→ **EXERCISE GOAL**:
Below are some records. Return exactly their lines from the one containing "دبابات إسرائيلية قرب قطاع غزة" through the one containing "Dây chuyền sản", and drop the pictures.

→ **DATA TO PROCESS**:
####
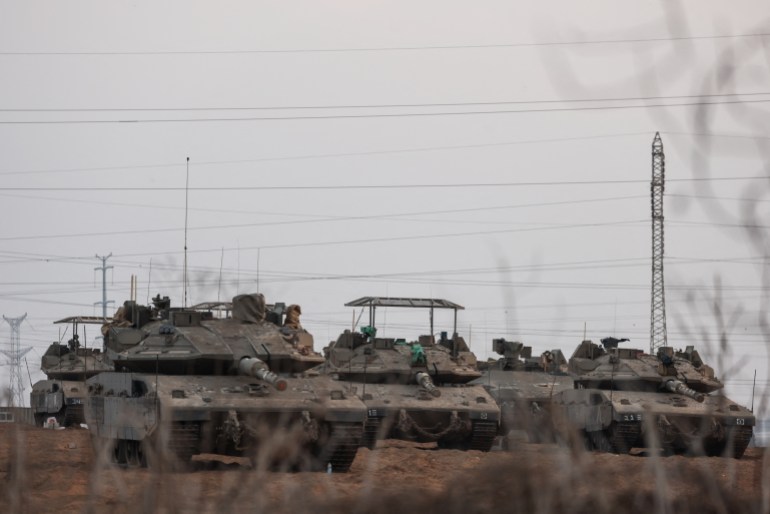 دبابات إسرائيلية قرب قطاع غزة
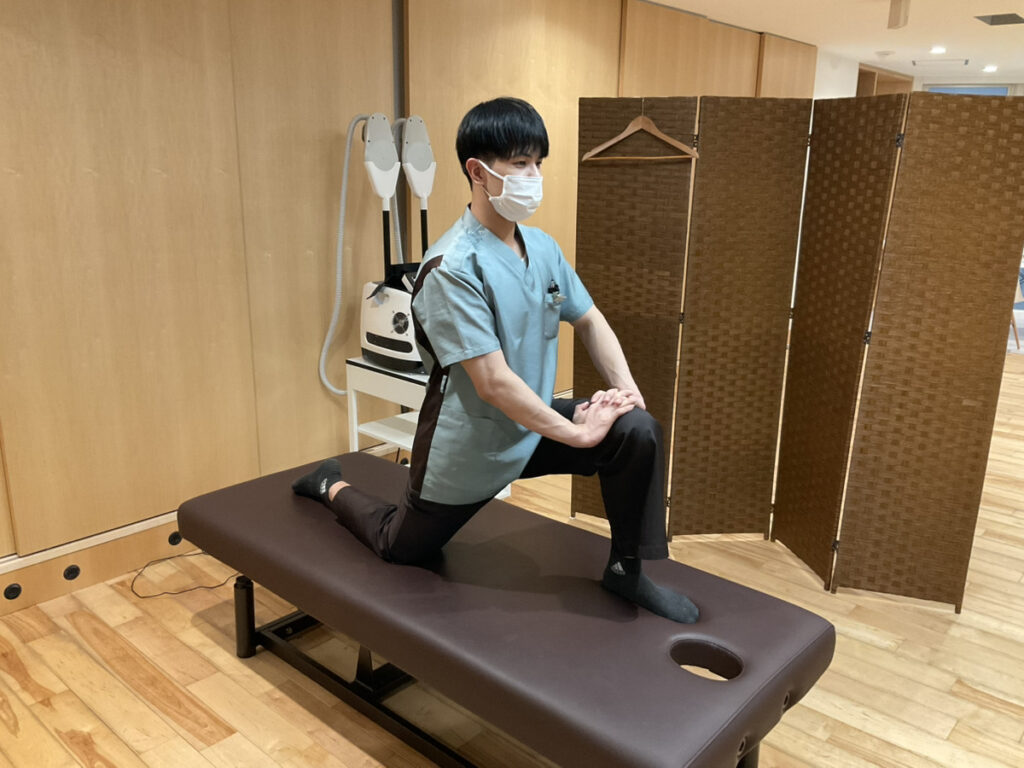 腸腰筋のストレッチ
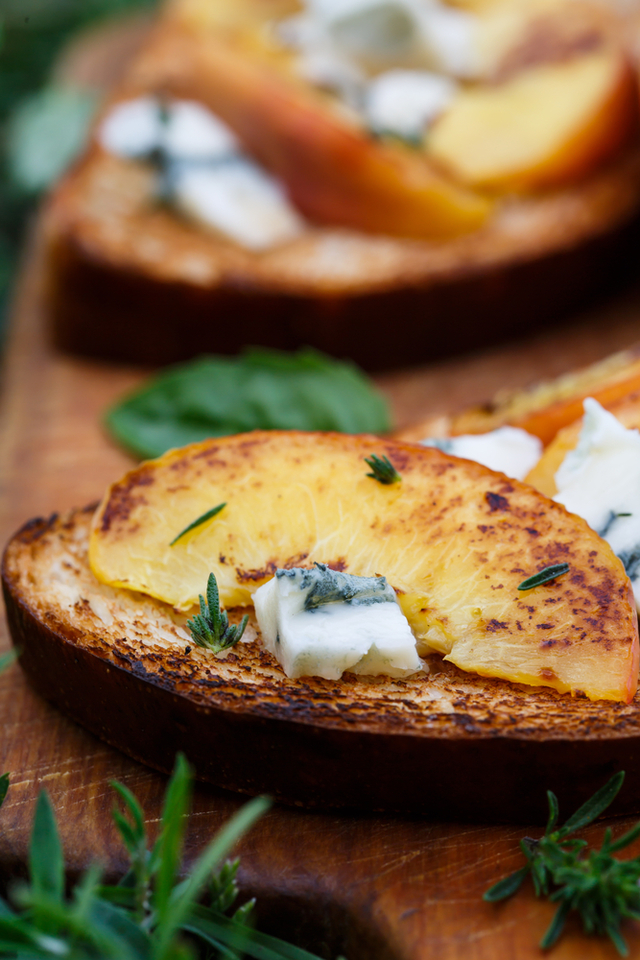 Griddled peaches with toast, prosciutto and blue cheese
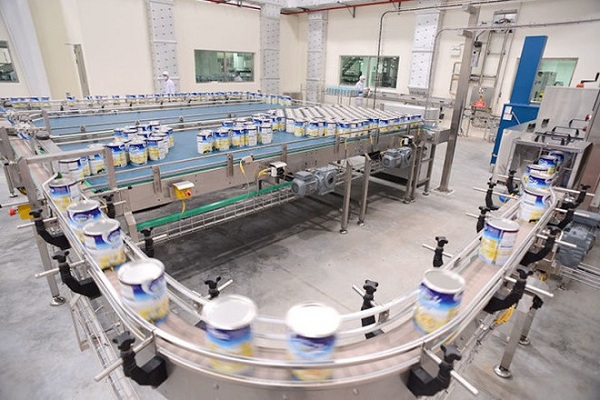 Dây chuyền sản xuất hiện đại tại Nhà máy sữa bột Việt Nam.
####
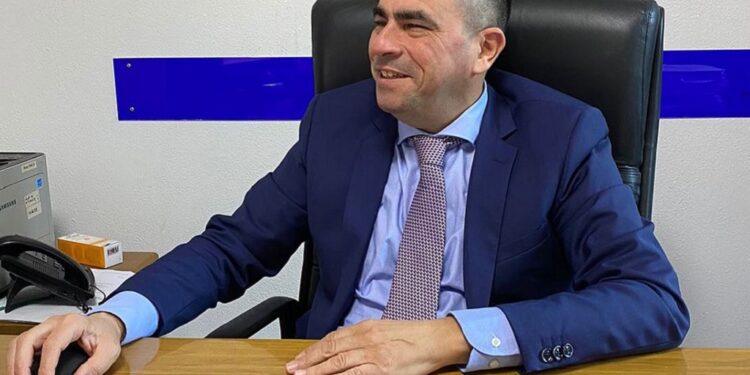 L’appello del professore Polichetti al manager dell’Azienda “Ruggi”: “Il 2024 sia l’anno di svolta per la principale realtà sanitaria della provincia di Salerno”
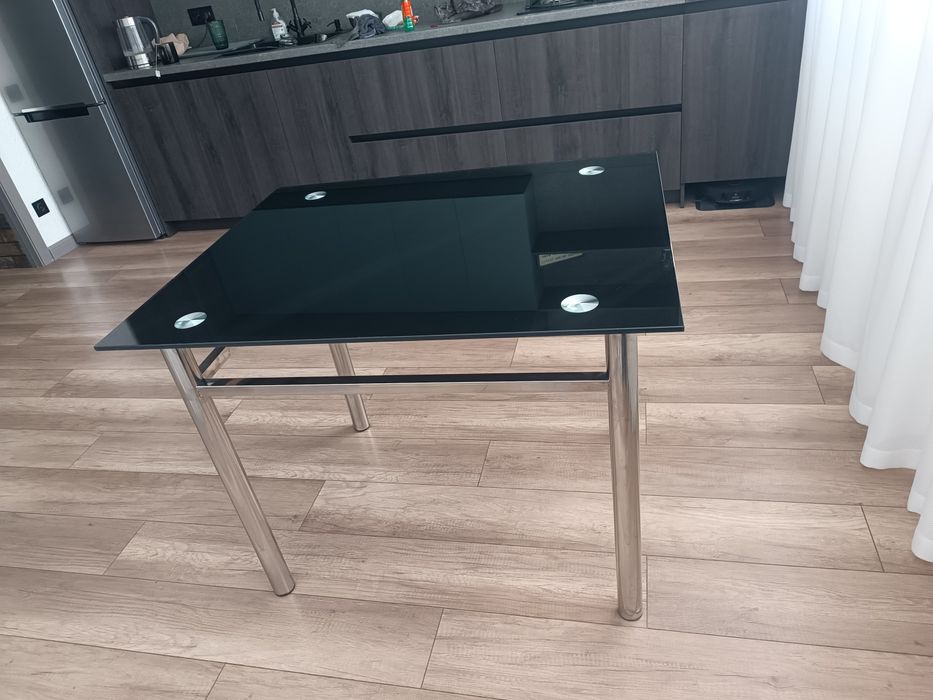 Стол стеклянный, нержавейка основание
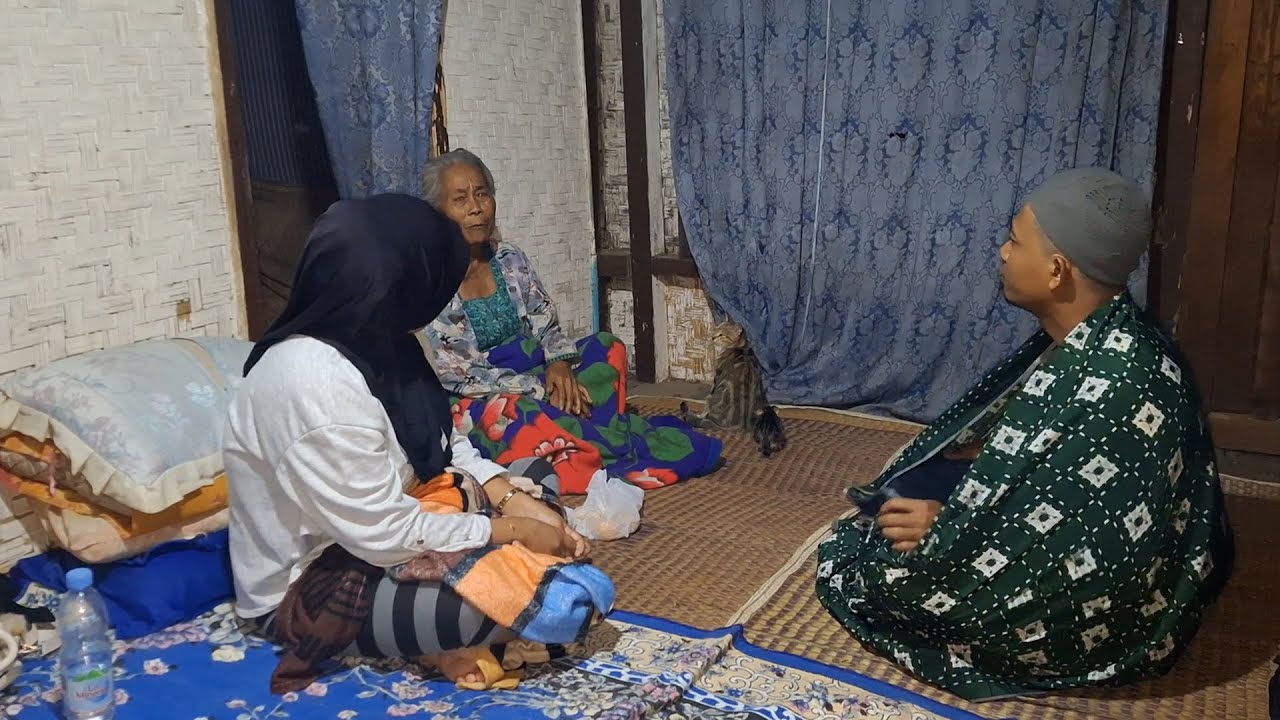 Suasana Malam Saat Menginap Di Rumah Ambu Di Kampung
####
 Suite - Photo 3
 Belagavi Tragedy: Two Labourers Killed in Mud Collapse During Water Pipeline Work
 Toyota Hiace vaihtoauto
####
→ **TASK ANSWER**:
 دبابات إسرائيلية قرب قطاع غزة
 腸腰筋のストレッチ
 Griddled peaches with toast, prosciutto and blue cheese
 Dây chuyền sản xuất hiện đại tại Nhà máy sữa bột Việt Nam.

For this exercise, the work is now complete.